Wednesday, March 26, 2008
Looking at the dreadful "Redrawing the Art World Women who are expanding the boundaries of how we see, what we see and where we see it" in the March 23 New York Times Magazine, I was reminded of just how corrupted by capitalism the mainstream art world has become. On the cover Muccia Prada in some sort of pricey black dress( the devil wears Prada?) is framed by John Baldessari on the left, and a variety of other well known men and one young (little known) women. Notice that the woman looks like a child and is covering her mouth as though she has been caught by surprise. The many men adopt various confident poses. The photographic style purposefully imitates Irving Penn in several places in the magazine, angular black poses against a blank background. No context, no connection to what is going on in the world. Clearly these artists and this patron do NOT expand boundaries at all!
Then there are the art haulers modelling multi thousand dollar (leather) jumpsuits. Can we have a clearer message that art is meant to play the fashion/style game, rather than actually say something important.
Mari Ramirez is one bright note in the issue, but her show "Inverted Utopias" primarily priviledged abstraction rather than the deep social engagement that characterizes most of Latin American art.
Fortunately, there are many artists out their who are not embedded with capitalism, or who are turning it on its head, as reported in this blog and in other alternative sources. I am also writing on it in my upcoming book, Art and Politics Now: Cultural Activism in a time of Crisis.
The reporting on visual art in the New York Times is embarrassing. Other arts, theater, literature, poetry, dance, all of them are engaged with current political issues and that engagement is reported in the newspaper. Visual artists are represented as completely disengaged.
A review of the amazing book by Roberto Bolano, Nazi Literature in the Americas reviewed in the New York Times Book Review, is focusing on the power of literature to create myths that support fascism. The book contains entirely imaginary writers who are preoccupied with mythmaking as the junta tortures people in Chile, the point is the fact that writers have power to create stories that can either support fascism or resist it. Bolano's book suggests that most writers' preoccupation with aesthetics and other academic concerns feed into the acquiescence to power that corrupts us and makes us passive instruments, rather than active resisters. For Roberto Bolaño . . ."literature is an unnervingly protean, amoral force with uncanny powers of self-invention, self-justification and self-mythification. The mythmakers, he suggests, certainly do matter." While I would have liked a review of a book that focuses on mythmakers who are resisting capitalism, at least political context is included. All art has a political context, but you would never know that from reading mainstream art coverage.
Peter Schjeldahl in the New Yorker, for example, whose reviews of shows such as the Whitney Biennial celebrate the most vacuous, empty art in the show. Surprisingly a non art reviewer caught up on Julia Meltzer and David Thorne, who actually made an effort to address something current, although their most political work was shown outside the Biennial at the Armory.
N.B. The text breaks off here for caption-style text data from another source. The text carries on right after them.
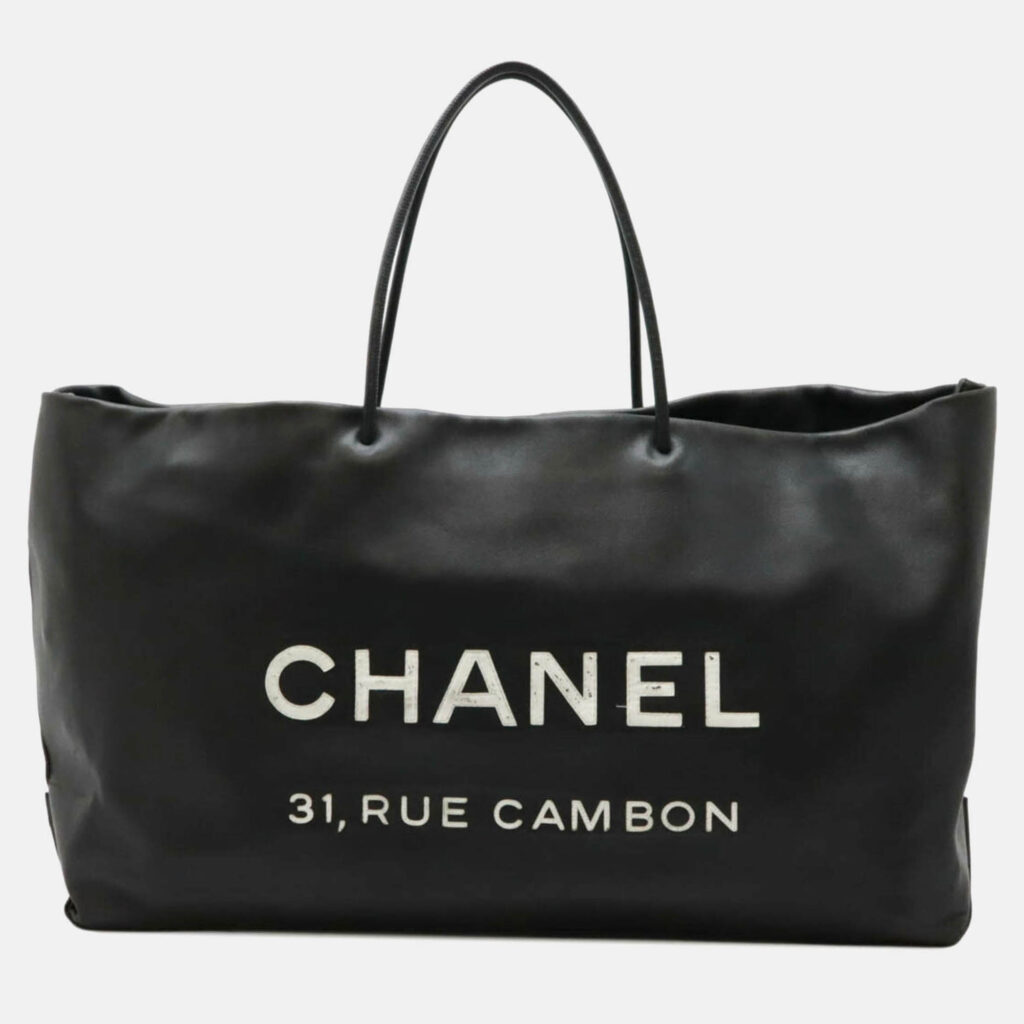 luxury-women-chanel-used-handbags-p1170079-003 Chanel Essential Rue Cambon Black White Leather Tote Bag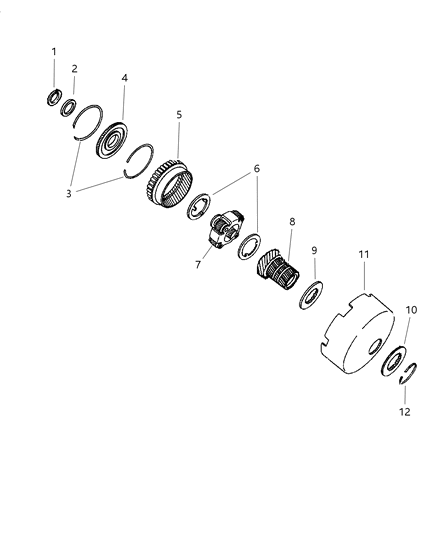 1999 Chrysler Town & Country Gears - Front Annulus & Sun Diagram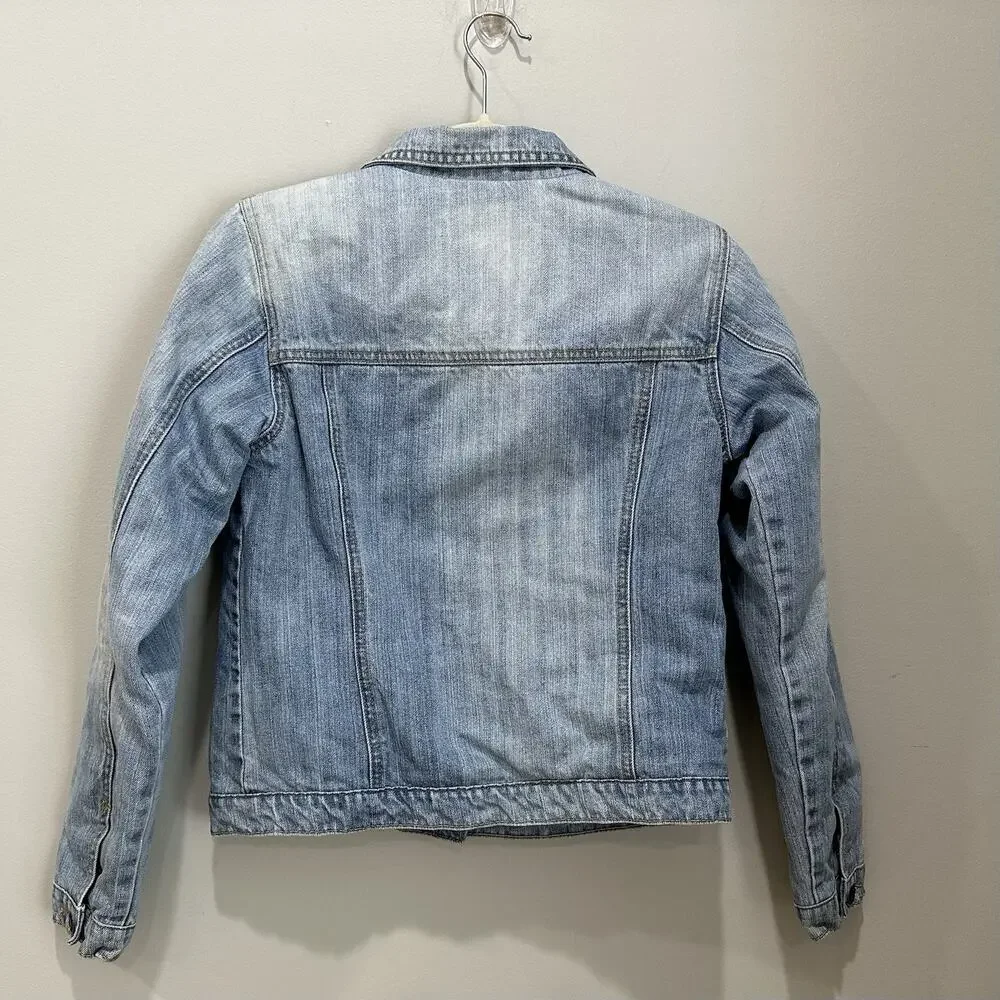 Girls Old Navy Lined Distressed Denim‎ Jean Jacket XXL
These two artists got multiple grants to try to represent Syria through their lens. Narcissism has been placed at bay at least a little bit. NEIL MACFARQUHAR who wrote the article writes on Muslims, the Middle East, and other important topics for the New York Times. He recognized that these two artists know that there is a world out there. What he didn't tell us is why they chose Syria and why they chose the particular format that they came up with a type of mime by an actor responding to questions. "We will live to see these things or Five Pictures of What might come to pass" seemed colonizing to me, but at least the artists went to Syria on their own, outside of the system and filmed subjects according to their own choices, not based on pressures from the international art world. The theme is intense, a culture caught between Islamic Fundamentalism, US pressures ( I would say the war in Iraq) , and a "repressive regime" as they refer to it ( that is an unexamined generality that could be further elaborated on in order to avoid a cliche perspective) . Of course the Syrians might see the pressures quite differently. It is not clear how they came with this triad of concepts.
Julia Meltzer has done other socially engaged work. She cares about the world. I would love to know how she decided to make the jump from the LAPD to Syria! But at least she cares.
Monday, March 24, 2008
Here 's an example of "news coverage" This is from Navy Lt. Patrick Evans a military spokesperson in response to raids on the Green Zone today. " There have been some significant gains. However this enemy is resilient and will not give up, nor will we."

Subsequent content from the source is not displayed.